A filosofia é uma atividade em aberto; é uma forma de discurso que coloca em dúvida seu próprio significado. A filosofia questiona a si mesma. Não há uma filosofia, mas muitas filosofias, já que filosofia não é o que resulta da atividade de pensar, mas a própria forma dessa atividade; filosofia é ação que se realiza com o pensamento, com o logos (discurso, palavra).

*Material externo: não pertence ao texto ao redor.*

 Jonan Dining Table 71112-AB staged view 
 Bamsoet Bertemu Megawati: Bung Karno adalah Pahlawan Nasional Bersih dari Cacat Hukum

 Um filósofo não se define como aquele que é versado em diversas filosofias. Todo homem pode ser filósofo quando assume a atitude filosófica. A competência de um filósofo não se mede pelos conhecimentos que têm da História do pensamento filosófico. Mesmo que eu seja um especialista no pensamento de Descartes, que tenha lido e relido suas obras e produzidos dissertação, tese e artigos sobre seu pensamento, não seria eu ainda um filósofo. Filósofo é aquele que não se limita a viver como se a realidade fosse algo já dado, pronto, acabado; ele se posiciona diante dela como quem a toma como um problema a ser investigado e compreendido. Ele é quem reflete, argumenta, discute. No exercício de sua atividade, importam mais as questões que levanta do que as respostas que possa vir a obter para elas. Afinal, as respostas sempre poderão vir a ser questionadas e revisadas. Importa, na atividade de filosofar, o modo como as questões são formuladas, o modo como argumentamos sobre elas; são pois, os caminhos de reflexões que abrimos que são caros na definição do que é ser filósofo. Ele não é o sábio, não é o erudito; é, como ensinou Sócrates, aquele que reconhece sua ignorância, mas munido do espírito questionador, ávido pelo saber, busca remover o véu dessa ignorância, busca pôr em xeque suas próprias convicções, bem como as crenças provenientes do senso-comum. Filosofia é sinônimo de libertação, portanto incompatível com sistemas dogmáticos, incompatível com crenças infundadas.
Não é a Bíblia que deve ser matéria nas salas de aulas de nossas escolas; mas a filosofia!